Tom Earle and Ray Perron of the Ossining Boat and Canoe Club love going out on the water because it lets them view the world a little differently.
"When you get out on the water, if you've had a hard day of work, everything goes away," said Perron, the club's membership chair. Nobody can touch you out there.
Earle, the commodore of the club, agreed.
"You see Ossining and it's just a green hill with a couple of towers sticking out," he said. "It gives you a different perspective on everything."
The Ossining Boat and Canoe Club was founded in 1915 during an era when cars were not common and highways in the area had not yet been built. The club's mission is to provide access to the river at an affordable rate.
Today the club has 110 members. About half are active boaters while the others come just to use the clubhouse facilities by the water.

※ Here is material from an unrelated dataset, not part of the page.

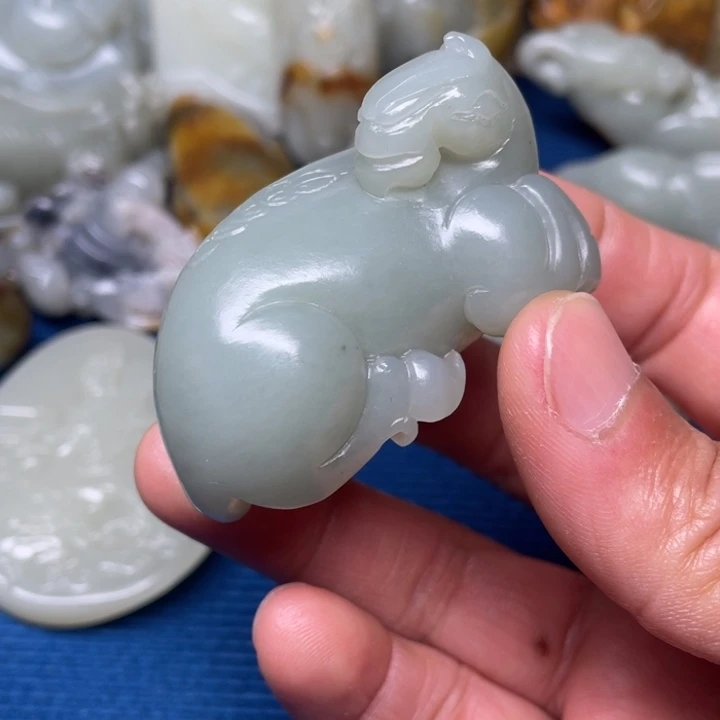颈饰未镶嵌和田玉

Membership rates are $420 per year plus 30 work hours for a full membership and $210 per year for associate membership with no boating privileges.
The two-story clubhouse has an upstairs clubroom with a kitchen, a downstairs clubroom, lockers for members and a workroom for doing repairs. Outside, the club has dinghies tied to its dock for rowing out to where boats are anchored.
In May, when the boating seasons began, members build the club's docks, using a heavy contraption to drive poles into the bottom of the Hudson River. In September, the docks are taken out by members in preparation for winter.
"The members have always built and maintained the club. We don't hire out," Earle said. "We do all our own work and it keeps costs down."
This year, the club will host two regatta races. The first is a Solstice Regatta on June 25 and a Labor Day Regatta on Sept. 5. The club also hosts cookouts, a fish fry, a clam bake, fall work parties and an Ossining American Legion and VWF ceremony to honor servicemen and women who lost their lives at sea. During Independence Day weekend, the clubhouse is a prime spot for viewing fireworks.
For those who want to get out on the water but don't have a boat, Earle suggested joining the Ossining Community Sailing Club for $50 a year per person or $75 a year for a family membership. Members of the club can go sailing as crew members without having to worry about owning or maintaining a boat.